[What the exercise asks]
The data should be written out in full, exactly as it stands, and the pictures dropped.

#####

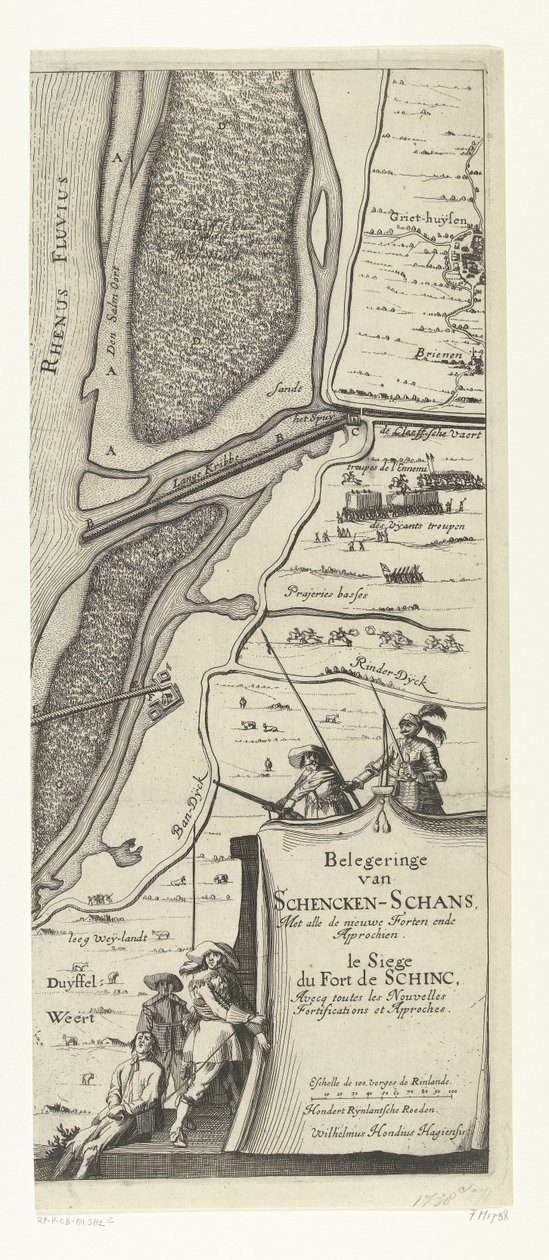 Beleg van Schenckenschans (pravá strana), 1635 Obléhání Schencken-Schans se všemi novými pevnostmi a přístupy od Willem Hondius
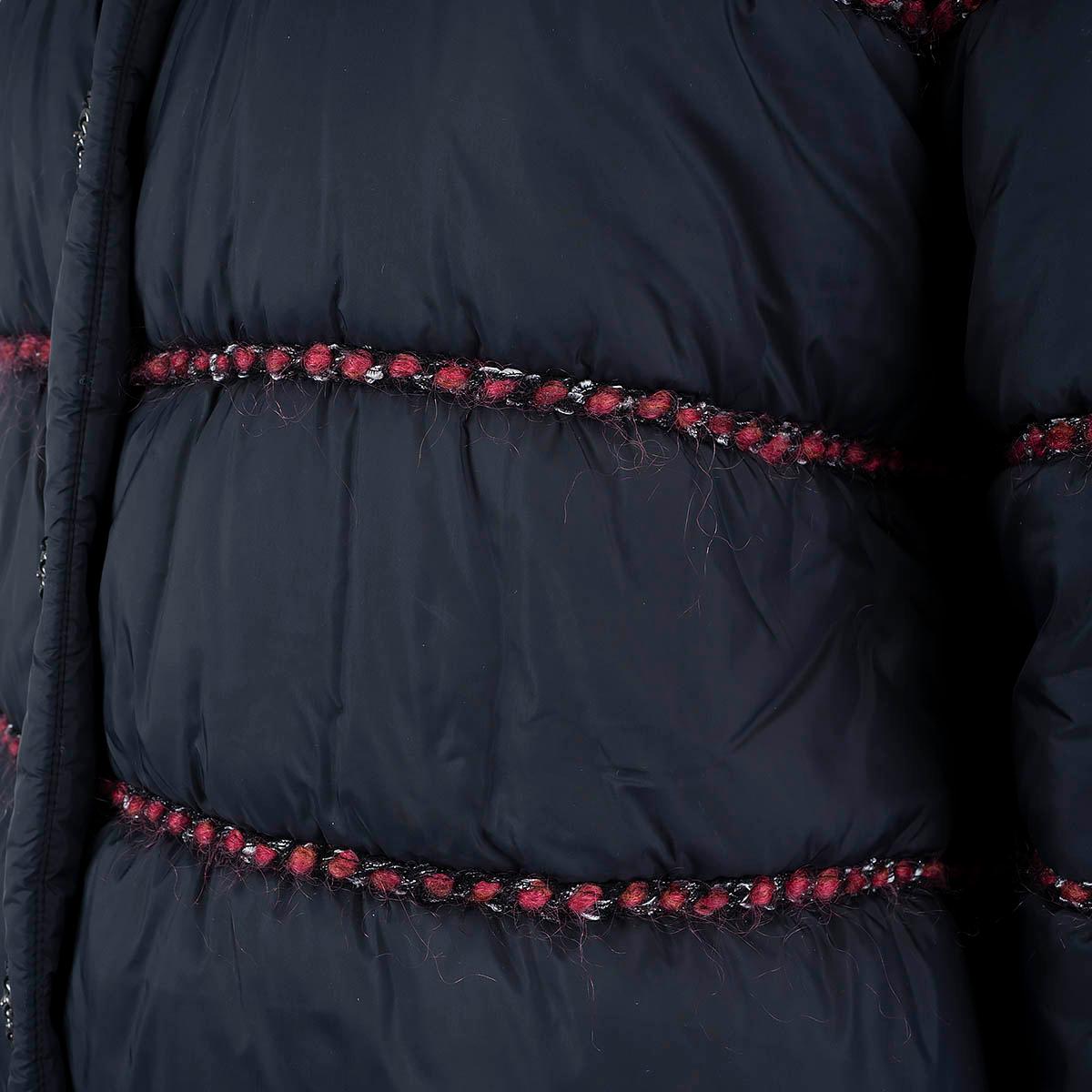 CHANEL black nylon 2018 18K CHAIN TRIM Jacket 38 S For Sale 3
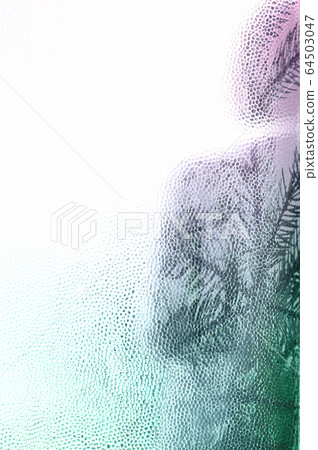 Young woman behind closed door seen through glass 64503047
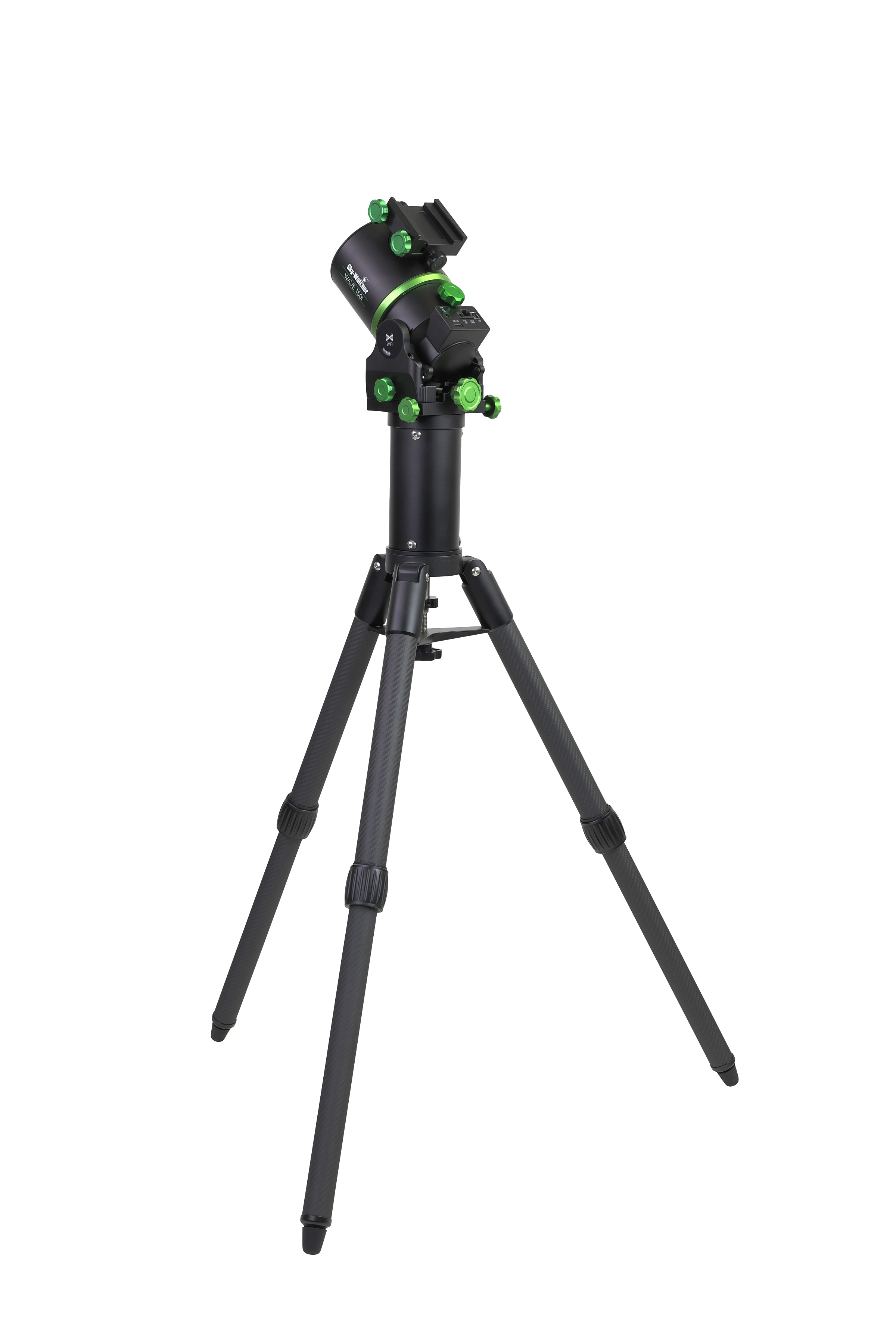 Sky-Watcher Wave 150i Pro strain wave mount rear view showing RA cable hub and D/V hybrid saddle for astrophotography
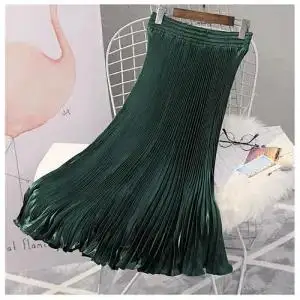 OEM Autumn Winter High End New Pleated Waisted A-line Multicolor Skirt for Women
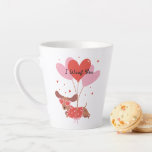 I Woof You Cute Dachshund Dog Red Heart Balloons Latte Mug<br><div class="desc">I Woof You Cute Dachshund Dog Red Pink Heart Balloons Latte Mug features a cute Dachshund dog wearing heart shaped glasses being carried in the air by red and pink heart shaped balloons with the text "I Woof You" in modern script typography. Accented with cute red love hearts. Perfect gift...</div>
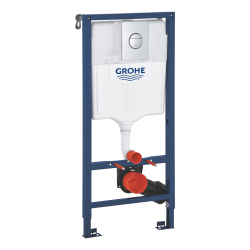 Grohe Solido 4-in-1 wall-hung toilet kit, 1.13 m recessed support frame, dual flush, Fresh system + chrome plate (G39978000)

#####

[Completed task]
 Beleg van Schenckenschans (pravá strana), 1635 Obléhání Schencken-Schans se všemi novými pevnostmi a přístupy od Willem Hondius
 CHANEL black nylon 2018 18K CHAIN TRIM Jacket 38 S For Sale 3
 Young woman behind closed door seen through glass 64503047
 Sky-Watcher Wave 150i Pro strain wave mount rear view showing RA cable hub and D/V hybrid saddle for astrophotography
 OEM Autumn Winter High End New Pleated Waisted A-line Multicolor Skirt for Women
 I Woof You Cute Dachshund Dog Red Heart Balloons Latte Mug<br><div class="desc">I Woof You Cute Dachshund Dog Red Pink Heart Balloons Latte Mug features a cute Dachshund dog wearing heart shaped glasses being carried in the air by red and pink heart shaped balloons with the text "I Woof You" in modern script typography. Accented with cute red love hearts. Perfect gift...</div>
 Grohe Solido 4-in-1 wall-hung toilet kit, 1.13 m recessed support frame, dual flush, Fresh system + chrome plate (G39978000)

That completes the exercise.